Acta fabula
ISSN 2115-8037

2006
Novembre-Décembre 2006 (volume 7, numéro 6)
Michaël Martin

L’étoile du soir et l’étoile du matin

Jean Bollack, Parménide, de l'étant au monde. Textes, traduction du grec, interprétation. Édition bilingue, Verdier, 2006.

« [Parmenide] passe pour avoir le premier remarqué que

 l’étoile du soir et l’étoile du matin

sont un même astre »

Diogène Laërce, IX, 23

1Après s’être, entre autre, intéressé à Empédocle, Jean Bollack nous livre aujourd’hui une brillante étude sur un autre de ces philosophes présocratiques, Parménide, dans son ouvrage Parménide, de l’Étant au Monde. Ce dernier repose essentiellement sur une lecture – ou plutôt une relecture détaillée - des fragments du penseur d’Élée. Le célèbre philologue qui a longtemps officié à Lille l’avoue d’ailleurs sans ambages : « La lecture de Parménide a accompagné ma vie, du moins depuis mes années d’études » (p. 7). On comprend alors aisément pourquoi il s’attache, avec une minutie qui lui est propre, à nous restituer un texte soumis à totale révision et à une nouvelle traduction.

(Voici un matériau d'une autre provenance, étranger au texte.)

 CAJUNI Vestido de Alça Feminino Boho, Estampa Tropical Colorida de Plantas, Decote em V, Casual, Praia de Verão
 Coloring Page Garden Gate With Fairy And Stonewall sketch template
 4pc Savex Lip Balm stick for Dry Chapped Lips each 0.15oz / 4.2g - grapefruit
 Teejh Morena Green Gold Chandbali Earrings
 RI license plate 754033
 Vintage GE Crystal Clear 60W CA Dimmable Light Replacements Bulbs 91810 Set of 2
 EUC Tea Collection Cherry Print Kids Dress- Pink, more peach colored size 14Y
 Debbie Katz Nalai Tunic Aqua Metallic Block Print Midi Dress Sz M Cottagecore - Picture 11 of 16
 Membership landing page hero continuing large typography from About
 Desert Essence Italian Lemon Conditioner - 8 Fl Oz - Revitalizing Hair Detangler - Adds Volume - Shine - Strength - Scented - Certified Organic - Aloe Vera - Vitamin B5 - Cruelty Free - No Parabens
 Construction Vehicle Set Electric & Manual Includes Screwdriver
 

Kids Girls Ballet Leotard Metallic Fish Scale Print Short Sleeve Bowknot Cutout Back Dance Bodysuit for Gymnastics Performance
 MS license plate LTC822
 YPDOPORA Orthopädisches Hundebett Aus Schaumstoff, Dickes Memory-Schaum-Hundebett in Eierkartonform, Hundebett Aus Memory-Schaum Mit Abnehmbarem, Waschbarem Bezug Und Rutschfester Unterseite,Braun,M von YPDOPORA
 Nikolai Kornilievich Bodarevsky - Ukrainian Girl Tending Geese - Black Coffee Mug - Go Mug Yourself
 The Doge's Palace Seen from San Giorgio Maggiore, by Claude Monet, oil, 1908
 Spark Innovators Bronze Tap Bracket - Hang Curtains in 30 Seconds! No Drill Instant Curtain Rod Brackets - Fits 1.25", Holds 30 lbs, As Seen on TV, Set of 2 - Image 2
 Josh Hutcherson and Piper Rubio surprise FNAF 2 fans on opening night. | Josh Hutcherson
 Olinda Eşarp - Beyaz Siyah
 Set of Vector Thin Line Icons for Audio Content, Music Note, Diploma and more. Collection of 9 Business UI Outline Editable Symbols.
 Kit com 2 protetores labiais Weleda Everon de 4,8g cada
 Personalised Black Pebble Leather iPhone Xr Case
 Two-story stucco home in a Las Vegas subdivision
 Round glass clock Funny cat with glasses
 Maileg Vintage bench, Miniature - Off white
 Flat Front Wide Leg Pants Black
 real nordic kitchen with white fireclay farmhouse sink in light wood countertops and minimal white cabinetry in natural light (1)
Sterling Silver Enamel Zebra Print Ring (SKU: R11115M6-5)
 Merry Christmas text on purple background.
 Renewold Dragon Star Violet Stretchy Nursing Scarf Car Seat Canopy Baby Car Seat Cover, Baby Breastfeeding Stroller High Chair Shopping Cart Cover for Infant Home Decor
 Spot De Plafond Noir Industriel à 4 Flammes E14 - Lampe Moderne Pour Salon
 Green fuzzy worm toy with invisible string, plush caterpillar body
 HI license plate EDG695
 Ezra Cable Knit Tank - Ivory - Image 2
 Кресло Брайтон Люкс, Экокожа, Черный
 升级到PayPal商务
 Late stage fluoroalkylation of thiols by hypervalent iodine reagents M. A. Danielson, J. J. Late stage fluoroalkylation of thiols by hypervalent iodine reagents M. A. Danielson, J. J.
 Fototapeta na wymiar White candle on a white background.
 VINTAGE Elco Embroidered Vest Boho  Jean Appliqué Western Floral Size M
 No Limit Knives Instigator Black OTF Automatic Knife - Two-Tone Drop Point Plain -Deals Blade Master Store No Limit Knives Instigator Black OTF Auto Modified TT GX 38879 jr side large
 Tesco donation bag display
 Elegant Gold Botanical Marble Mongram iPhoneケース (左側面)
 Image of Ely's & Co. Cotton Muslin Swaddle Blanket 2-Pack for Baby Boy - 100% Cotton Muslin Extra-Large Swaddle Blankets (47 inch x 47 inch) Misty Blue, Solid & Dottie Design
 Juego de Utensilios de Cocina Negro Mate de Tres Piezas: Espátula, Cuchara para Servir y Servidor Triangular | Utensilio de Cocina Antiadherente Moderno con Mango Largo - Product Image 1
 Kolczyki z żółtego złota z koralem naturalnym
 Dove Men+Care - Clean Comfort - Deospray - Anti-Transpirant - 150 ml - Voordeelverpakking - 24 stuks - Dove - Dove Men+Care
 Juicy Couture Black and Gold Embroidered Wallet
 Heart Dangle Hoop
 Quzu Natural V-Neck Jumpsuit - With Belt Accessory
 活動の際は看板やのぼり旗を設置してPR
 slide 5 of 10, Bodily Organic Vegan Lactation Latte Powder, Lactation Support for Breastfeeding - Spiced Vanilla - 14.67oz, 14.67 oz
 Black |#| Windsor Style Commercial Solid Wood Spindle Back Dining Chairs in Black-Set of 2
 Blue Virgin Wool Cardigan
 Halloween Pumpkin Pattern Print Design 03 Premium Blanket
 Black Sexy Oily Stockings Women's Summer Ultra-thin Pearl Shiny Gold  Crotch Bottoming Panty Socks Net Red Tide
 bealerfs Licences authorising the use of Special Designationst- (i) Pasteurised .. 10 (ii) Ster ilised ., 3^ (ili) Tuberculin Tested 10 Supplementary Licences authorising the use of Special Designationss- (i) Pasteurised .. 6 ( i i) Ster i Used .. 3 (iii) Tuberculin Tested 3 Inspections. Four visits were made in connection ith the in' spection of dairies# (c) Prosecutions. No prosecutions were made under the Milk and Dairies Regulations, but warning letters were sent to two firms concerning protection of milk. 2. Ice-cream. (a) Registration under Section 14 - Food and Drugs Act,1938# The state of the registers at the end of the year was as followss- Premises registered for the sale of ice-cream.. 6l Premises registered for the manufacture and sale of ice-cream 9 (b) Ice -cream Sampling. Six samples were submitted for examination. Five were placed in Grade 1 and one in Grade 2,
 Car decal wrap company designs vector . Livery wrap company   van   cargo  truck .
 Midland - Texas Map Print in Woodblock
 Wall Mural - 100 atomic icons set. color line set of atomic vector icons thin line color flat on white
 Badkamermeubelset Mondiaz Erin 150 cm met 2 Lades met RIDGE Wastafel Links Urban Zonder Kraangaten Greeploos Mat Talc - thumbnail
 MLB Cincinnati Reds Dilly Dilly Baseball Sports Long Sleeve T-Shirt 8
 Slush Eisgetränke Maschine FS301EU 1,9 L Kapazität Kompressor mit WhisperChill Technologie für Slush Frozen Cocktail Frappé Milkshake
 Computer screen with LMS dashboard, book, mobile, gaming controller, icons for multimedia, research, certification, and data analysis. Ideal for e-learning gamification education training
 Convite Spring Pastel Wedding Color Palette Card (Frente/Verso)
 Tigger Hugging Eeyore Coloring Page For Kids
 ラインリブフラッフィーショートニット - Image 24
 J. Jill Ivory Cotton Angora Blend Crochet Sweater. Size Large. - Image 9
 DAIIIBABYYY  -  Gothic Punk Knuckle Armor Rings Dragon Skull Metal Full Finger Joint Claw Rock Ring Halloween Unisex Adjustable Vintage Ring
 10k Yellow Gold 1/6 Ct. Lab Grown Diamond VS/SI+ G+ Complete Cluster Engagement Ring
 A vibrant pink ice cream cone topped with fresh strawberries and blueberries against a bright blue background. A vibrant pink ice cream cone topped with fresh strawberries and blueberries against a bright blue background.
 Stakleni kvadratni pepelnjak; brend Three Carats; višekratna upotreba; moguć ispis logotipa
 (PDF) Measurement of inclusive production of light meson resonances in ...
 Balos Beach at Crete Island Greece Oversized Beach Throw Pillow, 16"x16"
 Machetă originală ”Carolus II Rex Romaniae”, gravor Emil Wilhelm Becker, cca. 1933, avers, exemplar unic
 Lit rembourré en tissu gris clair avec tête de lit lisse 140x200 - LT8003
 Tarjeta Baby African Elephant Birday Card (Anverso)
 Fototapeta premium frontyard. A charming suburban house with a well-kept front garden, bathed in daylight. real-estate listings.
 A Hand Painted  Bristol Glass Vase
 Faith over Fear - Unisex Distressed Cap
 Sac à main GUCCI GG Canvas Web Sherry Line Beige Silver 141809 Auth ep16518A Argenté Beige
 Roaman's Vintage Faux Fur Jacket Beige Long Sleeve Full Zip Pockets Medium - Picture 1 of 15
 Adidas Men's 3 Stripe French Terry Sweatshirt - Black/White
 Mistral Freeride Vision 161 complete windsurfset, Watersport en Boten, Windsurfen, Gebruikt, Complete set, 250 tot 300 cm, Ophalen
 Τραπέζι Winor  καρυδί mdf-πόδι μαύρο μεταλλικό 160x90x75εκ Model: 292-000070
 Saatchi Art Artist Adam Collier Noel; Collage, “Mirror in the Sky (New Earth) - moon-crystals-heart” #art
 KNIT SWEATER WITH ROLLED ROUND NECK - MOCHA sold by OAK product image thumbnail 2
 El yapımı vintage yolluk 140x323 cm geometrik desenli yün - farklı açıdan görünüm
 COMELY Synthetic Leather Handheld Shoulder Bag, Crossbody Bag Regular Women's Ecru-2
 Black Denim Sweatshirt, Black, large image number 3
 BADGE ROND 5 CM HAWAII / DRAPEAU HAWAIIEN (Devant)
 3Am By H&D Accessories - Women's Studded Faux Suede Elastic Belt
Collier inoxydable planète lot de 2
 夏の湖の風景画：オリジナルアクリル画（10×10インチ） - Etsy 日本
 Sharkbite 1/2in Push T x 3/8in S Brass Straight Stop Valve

2Et c’est là l’un des points essentiels du livre : nous livrer Parménide tel quel. Mais il ne faudrait pas croire que la tâche fut aisée. Bien au contraire. La sensation que Jean Bollack a eu besoin de laisser mûrir son œuvre est latente. Et pour cause ! Parménide, versificateur de l’ontologie qu’aurait découverte Héraclite, a influencé de nombreux penseurs à commencer par Platon lui-même. Et c’est bien là le risque contre lequel Jean Bollack nous met en garde : il ne faut pas lire Parménide sous le filtre de Platon, encore moins sous celui de Reinhardt, Mansfeld, Brague ou Heidegger. Pour cela, il faut revenir au texte à travers les quelques fragments qu’il est possible de rendre à la lumière, sans oublier les liens qui l’unissent à un autre grand nom de la pensée occidentale : Pythagore. Et l’auteur de s’interroger tout d’abord sur l’œuvre poétique du maître et sur sa fonction : chez Parménide, le langage « est » pensées ; car « L’Étant se construit avec les mots, et d’abord avec le mot " est" » (p. 20). Ce sont ces mêmes mots qui, comparés à des juments, emmènent le philosophe vers un voyage métaphorique auprès de la Déesse (qui n’est pas sans rappeler ceux de ses confrères chamans). Mais cette Déesse, qui est-elle ? Ce n’est pas la Justice, encore moins une Muse. Alors ? Cette Déesse est « une production du langage » (p. 89), mais c’est aussi par elle que la révélation va se trouver révéler.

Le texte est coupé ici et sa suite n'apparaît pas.